En su tragedia, Mahoma, el profeta, Voltaire ataca el integrismo en nombre de la tolerancia. La justicia humana solo puede basarse en el derecho natural de “no perjudicar”. No puede tener mayor proyección. Cándido no ambiciona colgar el último rey con las tripas del último cura, como quería el abate Meslier, pero Voltaire se hace eco de la incredulidad absoluta del abate, en un momento que Glucksmann bautiza con expresión feliz como "el filósofo contra la filosofía". Voltaire es el filósofo de la finitud actual. A Cándido le da igual la existencia o no existencia de Dios.

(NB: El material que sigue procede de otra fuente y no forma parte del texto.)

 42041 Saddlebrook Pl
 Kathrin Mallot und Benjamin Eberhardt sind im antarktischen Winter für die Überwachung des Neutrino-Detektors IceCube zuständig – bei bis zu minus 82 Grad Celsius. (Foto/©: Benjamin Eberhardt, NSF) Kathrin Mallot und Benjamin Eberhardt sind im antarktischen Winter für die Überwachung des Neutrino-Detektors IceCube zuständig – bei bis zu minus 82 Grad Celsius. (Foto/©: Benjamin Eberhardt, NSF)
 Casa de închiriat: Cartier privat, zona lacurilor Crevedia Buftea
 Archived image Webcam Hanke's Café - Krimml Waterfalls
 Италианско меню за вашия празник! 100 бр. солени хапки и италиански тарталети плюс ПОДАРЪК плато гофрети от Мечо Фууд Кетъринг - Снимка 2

Lo que el relato de sus peripecias muestra es su no intervención permanente. Hay que tener un espíritu templado para oponerse al integrismo desde la tolerancia y el escepticismo. Tal es la finalidad de que, en su Diccionario filosófico, Voltaire reproduzca íntegro el célebre texto de Lactancio en que Epicuro considera las cuatro posibilidades en relación con la existencia del mal en el mundo, algo más complicado que el ingenuo optimismo que predica el doctor Pangloss.

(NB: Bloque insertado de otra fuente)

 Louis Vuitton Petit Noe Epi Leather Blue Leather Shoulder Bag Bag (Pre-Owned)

La continuidad del espíritu de tolerancia ilustrada de Voltaire lleva a Glucksmann a hacer una defensa que él llama "anacrónica" de los derechos del hombre pero con un fuerte sesgo pesimista. Así, deja constancia de que hoy llamamos “lucidez” a la reticencia a resistir. “No puede hacerse nada”, decimos y, así, no se denuncia del Gulag, ni el caso del boat people vietnamita (por cuya causa es sabido que Glücksmann movilizó a Sartre y Bernard-Henry Levy). Tampoco se apoya el movimiento polaco de Solidaridad, ni la lucha de los argelinos contra el integrismo o la de los caucasianos por su emancipación y hasta admitimos el genocidio de los tutsis en Ruanda. Es impresionante el momento en que el autor contrapone esta indiferencia, este abandono contemporáneo a la implicación personal de Voltaire por la tolerancia en los tres conocidos casos de Calas, Sirven y el caballero de la Barre. 

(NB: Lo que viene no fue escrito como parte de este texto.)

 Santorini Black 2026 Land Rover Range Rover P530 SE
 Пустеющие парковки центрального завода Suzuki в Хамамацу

Sin duda, con la caída del muro de Berlín, epílogo de la guerra fría, el optimismo panglossiano invadió todo, desde los palacios a las chozas y, en el colmo de la ingenuidad, llegó a especularse con el fin de la historia.

Glucksmann cree que la construcción europea es la alternativa que ofrece el siglo XXI al renacimiento del patriotismo y el nacionalismo. Seguramente tendría algo que decir con la brexit. En esta Europa, dirigida por Alemania, el "ángel" de Angela Merkel, resulta ser el país más popular del mundo. Se siente uno inclinado a gastar la broma de si, al final, Merkel no será la personificación de la Cunegunda que Cándido busca tan desesperadamente.  Porque, al fin y al cabo, el  sueño europeo aparece ensombrecido por esos fenómenos que ya se denunciaban al comienzo: los desplazados, exiliados, expulsados; por las matanzas, los troceamientos de gente.  Glucksmann se hace eco del dictamen de Khodorkovsky, el millonario ruso que ha pasado diez años en Siberia recientemente como en los viejos y sempiternos tiempos: la locura, la violencia y la corrupción, son males peores que la bomba atómica. 

En definitiva, Glucksmann viene a decir que, en paralelo con Goethe (Fausto), Marx (el Manifiesto) Voltaire explora el acceso de la modernidad a ella misma. Ya no hay imperios, todos han caído y los EEUU no quieren o no pueden serlo.  La misma noción romana de Imperio está obsoleta, cosa que no sé cómo sonará a los oídos de Hardt y Negri. En su lugar observa una reaparición y difusión del espíritu de la “renardie” esto es, un compuesto de picardía, extralimitación, demasía, indiferencia, etc frente a lo cual suena la recomendación del partidario de "aplastar la infame", esto es, cultivar nuestro huerto.

Un libro que contiene una mirada escéptica, tolerante, pero también indignada sobre el mundo contemporáneo, desgarrado entre el conformismo y la indiferencia. Si alguna objeción se le puede poner se encuentra en el hecho de que el examen no menciona ni una vez el fenómeno del terrorismo actual, que proyecta una sombra inquietante sobre las posibilidades de encontrar respuestas moralmente válidas a la cuestión de los refugiados.